While last week’s pilot episode introduced us to the characters and the basic contours of the story, this week’s episode–really a part 2 of last week–shows us a clearer look at the crime.
For example, after the pilot, I was sure Ronald was a serial killer. And why wouldn’t I be? Sadly, it’s not that unheard of–there’s a reason why the FBI started the Highway Serial Killings Initiative, and that reason is that an analyst noticed a large number of bodies being found along I-40. And let me just quote from the Bureau here:
The victims in these cases are primarily women who are living high-risk, transient lifestyles, often involving substance abuse and prostitution. They’re frequently picked up at truck stops or service stations and sexually assaulted, murdered, and dumped along a highway.
The suspects are predominantly long-haul truck drivers.
Sound familiar? I-40 is nowhere near Montana, in case you didn’t know, but that hardly matters. Once they looked into it more, they found that the problem was all over the country.

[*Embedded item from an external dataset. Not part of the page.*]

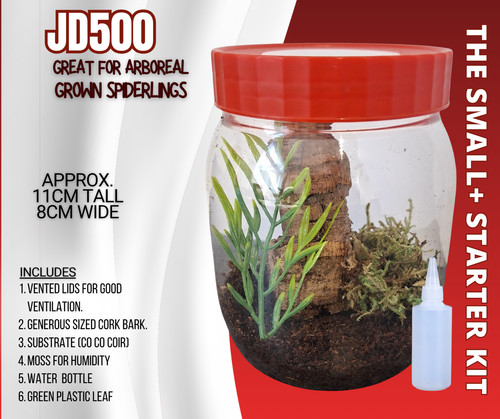 Enclosure spiderling tarantula - spiderling,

So I don’t know why then Legarski freaked out when Cody mentioned truckers last week. He hardly invented the idea. In any case, it’s more interesting than relevant, since Legarski and Ronald apparently aren’t serial-killers. Despite the mommy trauma and the fact that Legarski sure sounds like a mission-oriented killer, they are “just” traffickers, as far as we know.
And not very good ones at that. Let’s start with Ronald. He’s already shown that he makes rash, emotional decisions. After all, that’s why he has Danielle and Grace, who are just about the worst kind of victim choice–they’re easily missed and maybe worse in our social media age, photogenic. Jerrie, of course, turns out to be not much better as a choice, but he didn’t know that. Still, though, he hasn’t picked up on the fact that her name is not Michelle.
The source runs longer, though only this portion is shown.